Today’s MinnPost (4-22-08) carries a noteworthy commentary by a quartet of community leaders who, with a common voice, remind us that Minnesotans and our leaders “need to invest smartly in education, job training, transportation and human capital. To do this we need to think again, as the generation before us did, as well-rounded citizens willing to invest in and nourish the common good.
The vocal foursome includes Marcia Avner, public policy director of the Minnesota Council of Nonprofits, Brian Rusche, executive director of the Joint Religious Legislative Coalition, Dane Smith president of the Growth & Justice think tank; and Ray Waldron, president of the Minnesota AFL-CIO. When these folks speak in unison, it behooves one to listen.
What is implicit in their comments is a base of common knowledge shared by those “well-rounded citizens willing to invest in and nourish the common good.”
In this information age that base of common knowledge is at terrible risk. Today Rupert Murdock picked up another NYC newspaper while his managing editor tendered his resignation at the WSJ. Today the mainstream print media in the Twin Cities languish as owners sacrifice journalistic standards to stockholders’ fiscal demands. Today our community’s professional journalists work in tandem with citizen journalists to cover, interpret, and share with a changing public a range of news and views and understandings of a world – and neighborhoods – in flux. Today those outside the digital loop resort to the only sources of information they can afford – a mix of radio and TV owned and ruled by a dwindling circle who know only too well the power of information.

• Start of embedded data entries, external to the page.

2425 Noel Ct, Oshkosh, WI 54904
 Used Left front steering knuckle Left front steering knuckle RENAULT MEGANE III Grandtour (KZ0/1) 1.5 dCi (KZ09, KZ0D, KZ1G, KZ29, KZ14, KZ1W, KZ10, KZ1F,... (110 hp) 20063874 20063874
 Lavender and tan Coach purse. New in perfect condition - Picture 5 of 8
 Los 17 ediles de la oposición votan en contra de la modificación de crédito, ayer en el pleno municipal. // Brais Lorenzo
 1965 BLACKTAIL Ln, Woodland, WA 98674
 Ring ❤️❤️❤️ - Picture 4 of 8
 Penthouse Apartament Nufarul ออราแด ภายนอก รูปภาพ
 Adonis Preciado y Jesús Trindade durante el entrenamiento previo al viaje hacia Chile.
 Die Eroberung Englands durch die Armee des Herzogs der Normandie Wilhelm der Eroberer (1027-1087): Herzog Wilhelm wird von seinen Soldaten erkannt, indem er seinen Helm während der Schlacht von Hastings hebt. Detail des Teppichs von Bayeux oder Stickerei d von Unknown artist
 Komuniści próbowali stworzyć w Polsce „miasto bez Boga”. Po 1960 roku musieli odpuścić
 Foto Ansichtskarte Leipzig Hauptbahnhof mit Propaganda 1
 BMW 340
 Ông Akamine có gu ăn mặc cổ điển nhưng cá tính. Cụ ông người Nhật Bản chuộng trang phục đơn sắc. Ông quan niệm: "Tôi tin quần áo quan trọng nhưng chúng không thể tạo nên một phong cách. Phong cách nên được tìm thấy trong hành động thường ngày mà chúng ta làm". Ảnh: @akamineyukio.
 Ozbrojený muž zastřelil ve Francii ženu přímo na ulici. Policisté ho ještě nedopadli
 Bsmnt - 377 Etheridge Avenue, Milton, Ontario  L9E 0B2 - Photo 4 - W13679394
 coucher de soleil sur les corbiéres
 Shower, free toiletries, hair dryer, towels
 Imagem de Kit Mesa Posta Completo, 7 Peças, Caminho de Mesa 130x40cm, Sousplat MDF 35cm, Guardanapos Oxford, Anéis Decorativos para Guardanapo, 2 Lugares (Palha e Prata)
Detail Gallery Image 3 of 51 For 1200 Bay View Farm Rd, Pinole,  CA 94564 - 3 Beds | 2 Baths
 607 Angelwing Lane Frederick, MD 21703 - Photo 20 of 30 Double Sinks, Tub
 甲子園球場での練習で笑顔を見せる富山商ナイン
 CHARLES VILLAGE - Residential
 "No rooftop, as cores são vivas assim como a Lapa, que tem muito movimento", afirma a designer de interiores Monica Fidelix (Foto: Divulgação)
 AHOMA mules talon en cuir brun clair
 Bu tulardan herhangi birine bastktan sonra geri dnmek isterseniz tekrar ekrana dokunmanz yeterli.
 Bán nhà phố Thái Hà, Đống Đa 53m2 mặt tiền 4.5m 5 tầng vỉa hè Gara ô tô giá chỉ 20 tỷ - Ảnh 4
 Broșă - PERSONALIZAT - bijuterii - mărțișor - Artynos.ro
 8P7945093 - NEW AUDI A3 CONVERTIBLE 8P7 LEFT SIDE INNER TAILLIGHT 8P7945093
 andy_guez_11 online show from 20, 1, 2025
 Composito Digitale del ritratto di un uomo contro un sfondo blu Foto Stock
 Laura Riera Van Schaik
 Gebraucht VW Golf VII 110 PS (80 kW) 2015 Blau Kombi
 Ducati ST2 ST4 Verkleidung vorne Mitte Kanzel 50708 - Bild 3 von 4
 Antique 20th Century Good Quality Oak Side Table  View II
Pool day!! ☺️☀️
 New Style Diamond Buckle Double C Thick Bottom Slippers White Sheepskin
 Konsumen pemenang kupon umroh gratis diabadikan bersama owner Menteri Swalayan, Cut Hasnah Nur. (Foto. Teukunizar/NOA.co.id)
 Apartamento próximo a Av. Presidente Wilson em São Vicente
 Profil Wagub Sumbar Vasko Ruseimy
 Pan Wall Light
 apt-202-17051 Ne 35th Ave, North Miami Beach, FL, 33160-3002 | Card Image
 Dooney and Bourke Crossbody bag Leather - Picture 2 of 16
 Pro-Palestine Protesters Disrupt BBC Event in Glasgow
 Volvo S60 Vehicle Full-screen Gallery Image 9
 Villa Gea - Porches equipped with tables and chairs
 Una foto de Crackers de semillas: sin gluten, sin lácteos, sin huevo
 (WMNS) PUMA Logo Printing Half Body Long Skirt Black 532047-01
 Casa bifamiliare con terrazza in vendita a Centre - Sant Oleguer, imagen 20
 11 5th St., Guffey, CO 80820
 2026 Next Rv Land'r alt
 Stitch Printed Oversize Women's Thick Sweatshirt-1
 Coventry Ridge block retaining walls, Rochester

The life-giving force of this community of well-rounded citizens committed to the common good is the free flow of reliable, timely, relevant information — cogent analysis of the decision-making process, accurate data on the impact of public policy and the living conditions of Minnesotans, serious research on the goods and products that build a robust economy, a communal eye on the flow of power and money and influence.
Minnesotans care about transparency in government, access to information and the threats. The commitment to understand and nourish the common good demands individual and collective time and mental energy. These four leaders remind us of another essential nutrient of the common good: “As citizens, we need to make room for elected leaders to do what many of them know to be right for Minnesota.”
Information blossoms as knowledge and ideas that exist to be shared and invested. Something to ponder as we celebrate statehood and honor our heritage of “well rounded Minnesotans willing to invest in and nourish the common good”.